DIRECTIONS FOR THIS TASK
Set down the entries again word for word, without any of the images.

MATERIAL FOR THE TASK

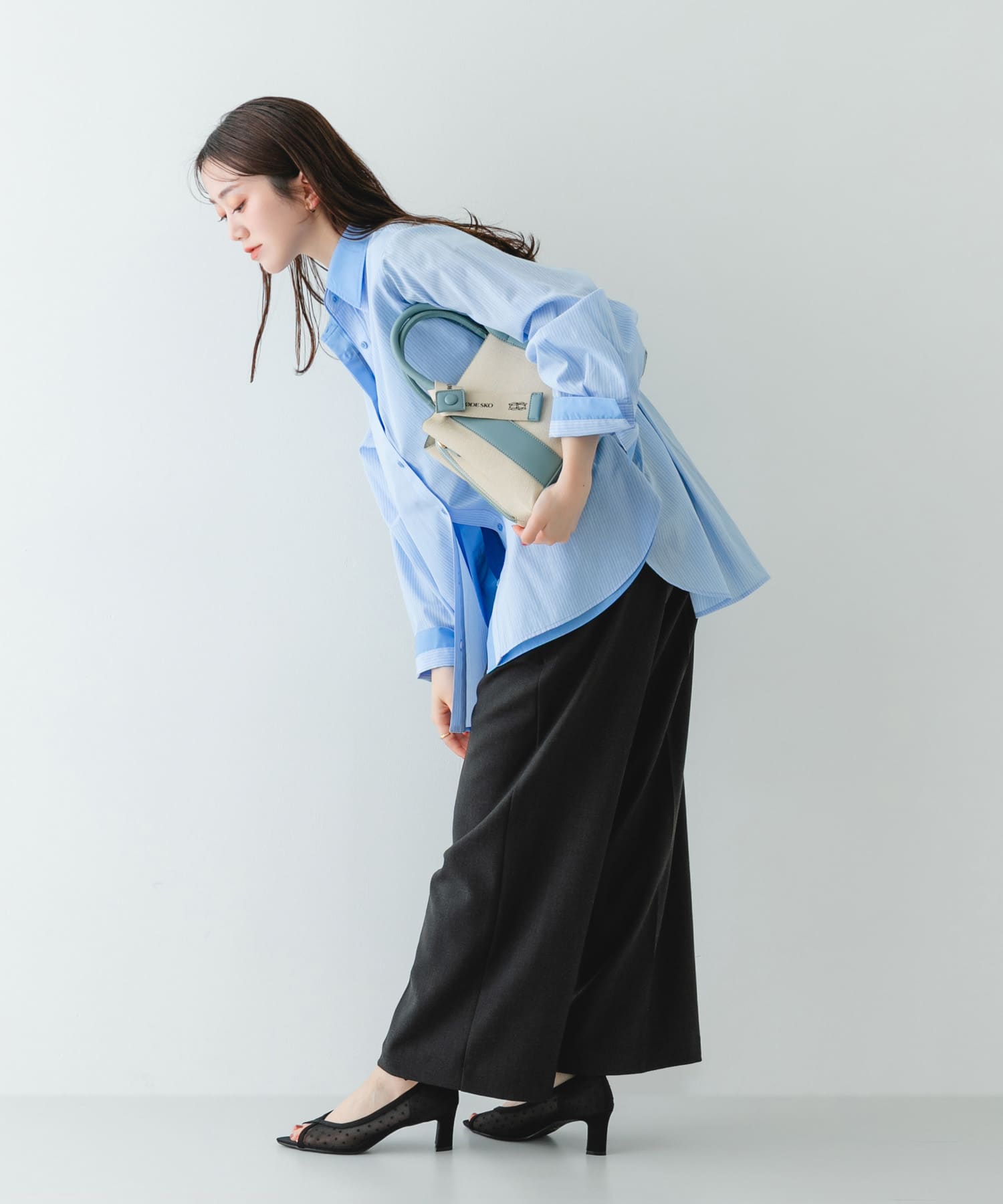 『MADE IN JAPAN』6センチチャンキーヒールシアーパンプス BLACK 36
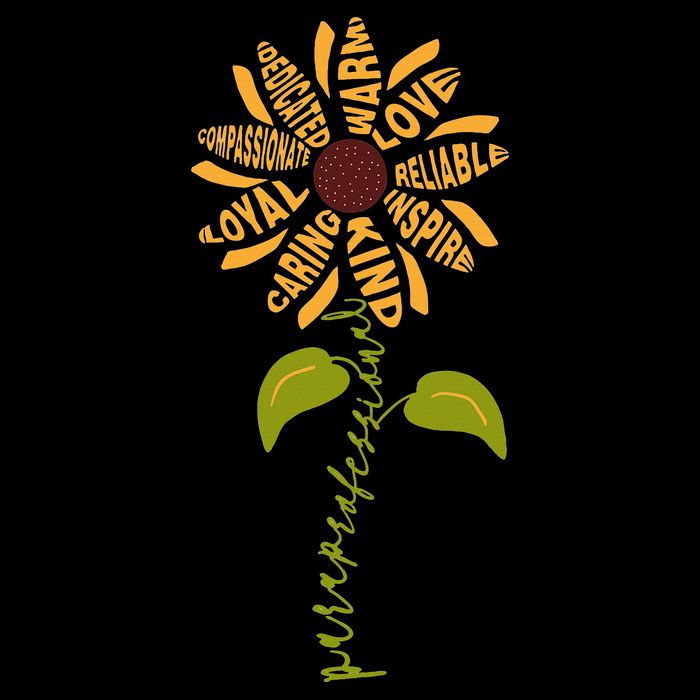 Para professional Paraeducator Teacher Sunflower Flat Bill Trucker Hat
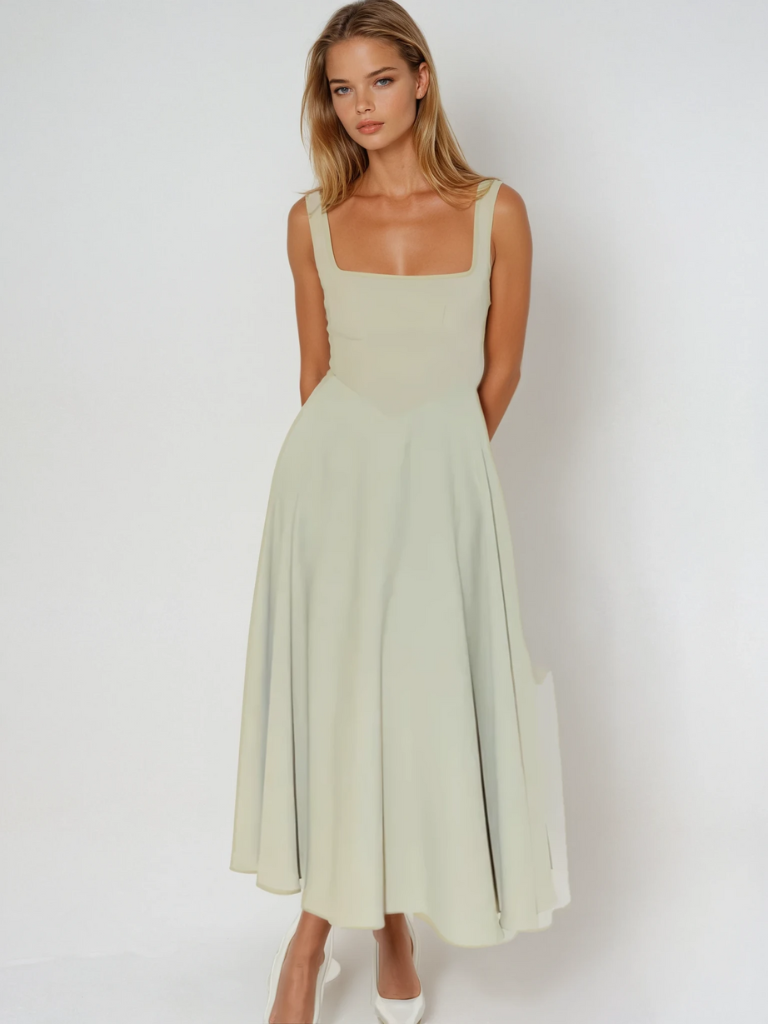 Grace™ | Minimalistisk midiklänning med fyrkantig urringning – Tidlös, elegant och feminin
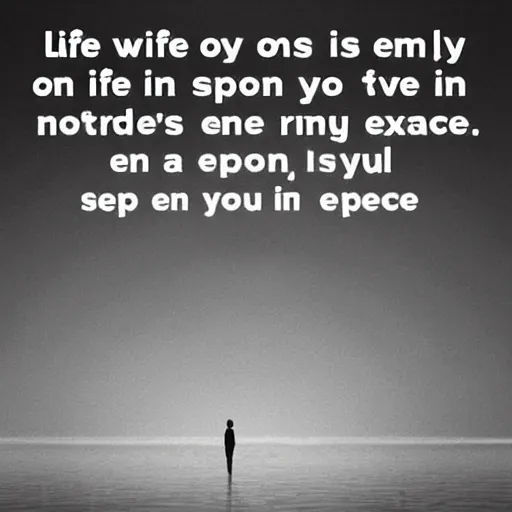 Prompt: Life itself is only a vision, a dream. Nothing exists save empty space - and you! And you are but a thought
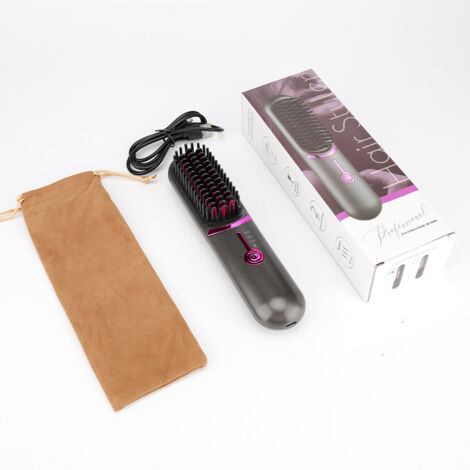 Lisseur chauffant sans fil, compagnon de voyage portable, rechargeable par USB, batterie de 5400 mAh, générateur d'ions négatifs, fonction chauffante, unisexe (gris).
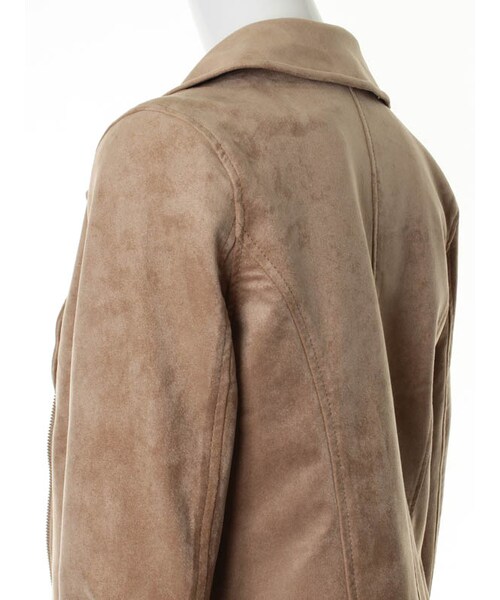 31 Sons de mode（トランテアン　ソン　ドゥ　モード）の「≪秋物ポイント2倍≫スエードライダースジャケット（ジャケット/アウター・レディース・ブラック/ベージュ/キャメル・36/38）」の9枚目の写真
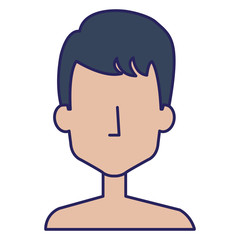 young man shirtless avatar character vector illustration design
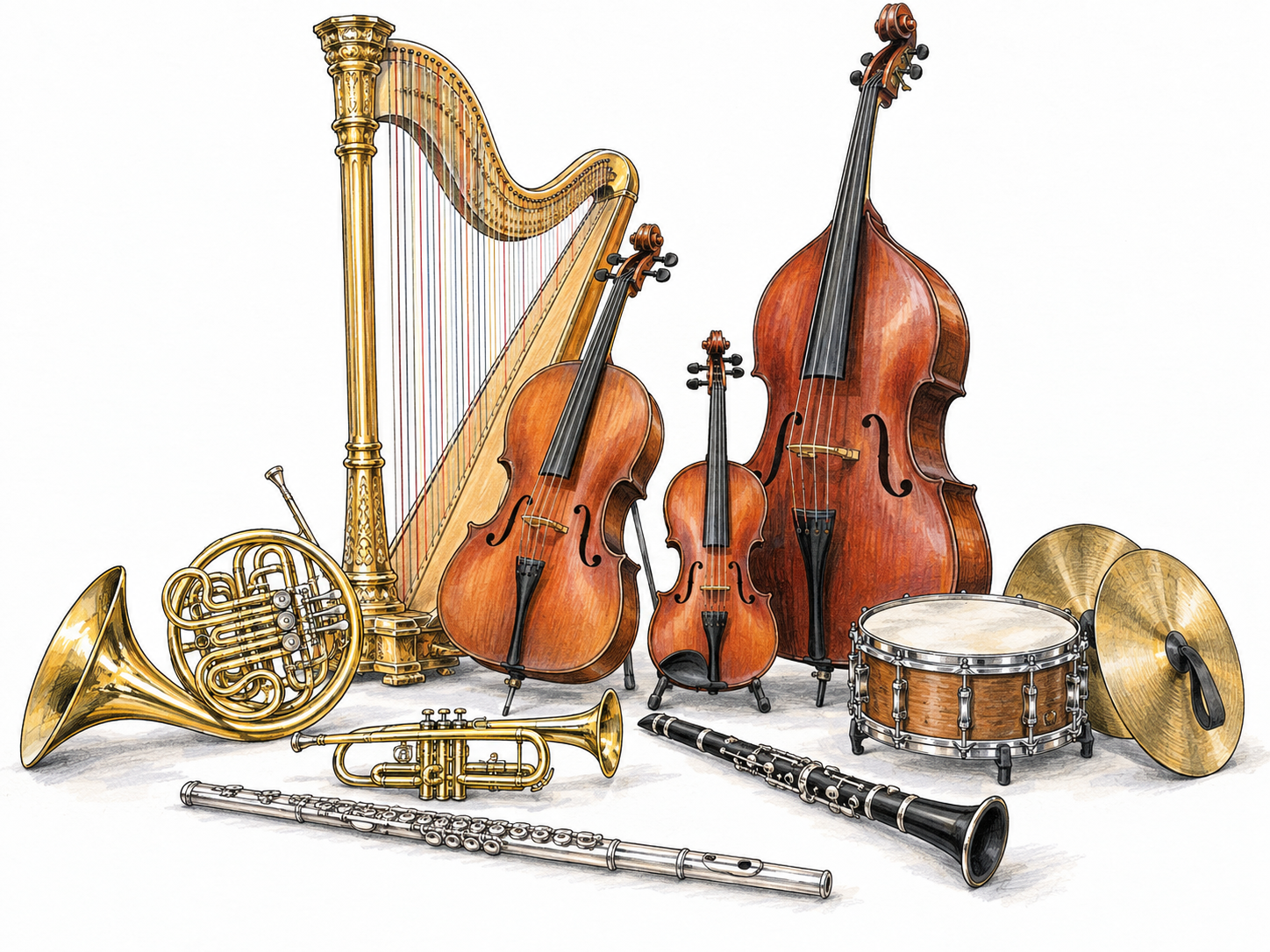 An impressive, neatly arranged array of orchestral instruments, with contrasting shapes and sizes making the abundance and variety immediately visible.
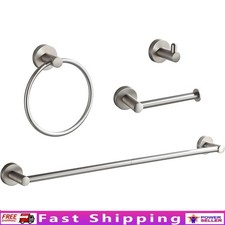 Adjustable Towel Bar Set Heavy Duty Towel Ring Toilet Paper Holder Robe Hooks US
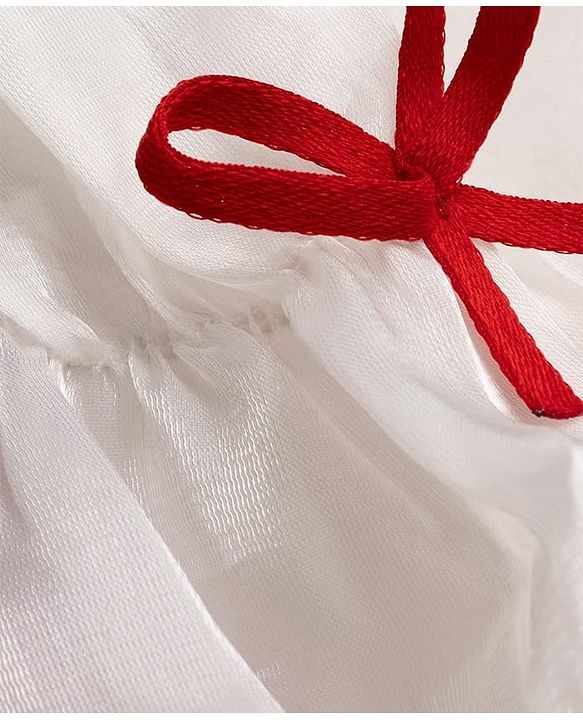 Babyhug Velvet Woven Full Sleeves Frock With Inner Tee Bow Applique - Red
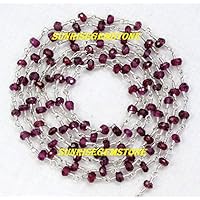5 Feet Natural RHODOLITE Garnet Gemstone Faceted Bead .925 Sterling Silver Plated Wire Wrapped Beaded Link Chain.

SOLUTION FOR THIS PROBLEM
 『MADE IN JAPAN』6センチチャンキーヒールシアーパンプス BLACK 36
 Para professional Paraeducator Teacher Sunflower Flat Bill Trucker Hat
 Grace™ | Minimalistisk midiklänning med fyrkantig urringning – Tidlös, elegant och feminin
 Prompt: Life itself is only a vision, a dream. Nothing exists save empty space - and you! And you are but a thought
 Lisseur chauffant sans fil, compagnon de voyage portable, rechargeable par USB, batterie de 5400 mAh, générateur d'ions négatifs, fonction chauffante, unisexe (gris).
 31 Sons de mode（トランテアン　ソン　ドゥ　モード）の「≪秋物ポイント2倍≫スエードライダースジャケット（ジャケット/アウター・レディース・ブラック/ベージュ/キャメル・36/38）」の9枚目の写真
 young man shirtless avatar character vector illustration design
 An impressive, neatly arranged array of orchestral instruments, with contrasting shapes and sizes making the abundance and variety immediately visible.
 Adjustable Towel Bar Set Heavy Duty Towel Ring Toilet Paper Holder Robe Hooks US
 Babyhug Velvet Woven Full Sleeves Frock With Inner Tee Bow Applique - Red
5 Feet Natural RHODOLITE Garnet Gemstone Faceted Bead .925 Sterling Silver Plated Wire Wrapped Beaded Link Chain.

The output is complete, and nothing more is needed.